It is a time to remember those who made the ultimate sacrifice in defence of Canada.
There are a variety of services taking place across Dufferin-Caledon which will give you an opportunity to take part in an act of remembrance and thank those who have served.
Caledon East hosted a ceremony Oct. 29 at the Caledon East Cenotaph at Caledon Town Hall. The Alton Legion is holding a Remembrance service Nov. 5 starting at 10:15 a.m. Later that same day in Bolton, there is a parade from the fire hall to the cenotaph beginning at 12:15 p.m. The service and wreath laying at the cenotaph will commence at 12:45 p.m. Caledon employees and students from Robert F. Hall Catholic Secondary School will be holding a ceremony Nov. 10 at 10:45 a.m. at the Town Hall in Caledon East.
There are a many services being conducted across Dufferin-Caledon Nov. 11.
The Orangeville Legion, Branch 233, will be on parade from the Legion to Alexandra Park at 10:30 a.m. The cenotaph service begins at 11 a.m. Members of Branch 233 will also conduct a sunset ceremony at Forest Lawn Cemetery at 2 p.m. In Shelburne, the Legion, Branch 220, will host an indoor service that begins at 9:45 a.m. and will be followed by a march from the Legion Hall to the Cenotaph. The Mansfield Women's Institute gather at the Mansfield Cenotaph at 10:30 a.m. In Grand Valley, the Town will be gathering at the Grand Valley Cenotaph at 10:30 a.m. for their service.
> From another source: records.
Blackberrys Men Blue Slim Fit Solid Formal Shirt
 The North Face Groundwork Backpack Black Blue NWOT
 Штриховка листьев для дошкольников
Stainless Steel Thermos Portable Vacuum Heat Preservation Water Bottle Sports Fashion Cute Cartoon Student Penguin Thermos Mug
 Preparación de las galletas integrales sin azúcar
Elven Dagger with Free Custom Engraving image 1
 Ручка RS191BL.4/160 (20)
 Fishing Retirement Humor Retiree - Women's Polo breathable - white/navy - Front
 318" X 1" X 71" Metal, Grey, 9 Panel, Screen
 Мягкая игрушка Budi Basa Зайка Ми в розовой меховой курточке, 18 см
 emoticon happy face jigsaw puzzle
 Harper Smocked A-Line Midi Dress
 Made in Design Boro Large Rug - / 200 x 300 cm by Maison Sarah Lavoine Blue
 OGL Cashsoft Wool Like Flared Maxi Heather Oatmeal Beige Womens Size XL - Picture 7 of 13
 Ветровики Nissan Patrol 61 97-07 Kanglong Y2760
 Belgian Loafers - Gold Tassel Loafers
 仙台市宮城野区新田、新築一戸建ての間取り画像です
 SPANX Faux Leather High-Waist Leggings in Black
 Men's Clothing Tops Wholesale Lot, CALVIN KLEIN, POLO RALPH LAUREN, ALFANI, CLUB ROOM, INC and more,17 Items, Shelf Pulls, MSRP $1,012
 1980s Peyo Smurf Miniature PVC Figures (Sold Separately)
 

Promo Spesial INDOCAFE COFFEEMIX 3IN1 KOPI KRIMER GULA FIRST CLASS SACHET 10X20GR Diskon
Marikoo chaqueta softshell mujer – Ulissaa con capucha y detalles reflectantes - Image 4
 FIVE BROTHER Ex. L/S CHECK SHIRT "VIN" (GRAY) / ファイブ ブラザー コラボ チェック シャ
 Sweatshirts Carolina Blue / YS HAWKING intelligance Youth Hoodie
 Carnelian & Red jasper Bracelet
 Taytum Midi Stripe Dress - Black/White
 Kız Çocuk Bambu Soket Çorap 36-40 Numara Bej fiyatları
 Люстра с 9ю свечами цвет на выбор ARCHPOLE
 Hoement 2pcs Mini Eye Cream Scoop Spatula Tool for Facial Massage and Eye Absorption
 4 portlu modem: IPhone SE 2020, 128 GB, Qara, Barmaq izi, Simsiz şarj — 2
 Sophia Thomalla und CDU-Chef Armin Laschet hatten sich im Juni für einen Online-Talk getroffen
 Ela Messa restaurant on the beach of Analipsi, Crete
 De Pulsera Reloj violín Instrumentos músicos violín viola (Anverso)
I hope you will have the opportunity to attend one of these services in Dufferin-Caledon, or find the time to observe a moment of silence. The service of the men and women in our armed forces is a sacrifice they make so that we can continue to enjoy the rights and freedoms of our great nation.
There are other ways to remember and say thank you to our veterans. For instance I was impressed by the story of Judy MacLeod from Orangeville who created the Dufferin County chapter of Quilts of Valour, where quilters create and donate quilts to local veterans. Quilts of Valour is run by volunteer quilters who want to thank a veteran for their service.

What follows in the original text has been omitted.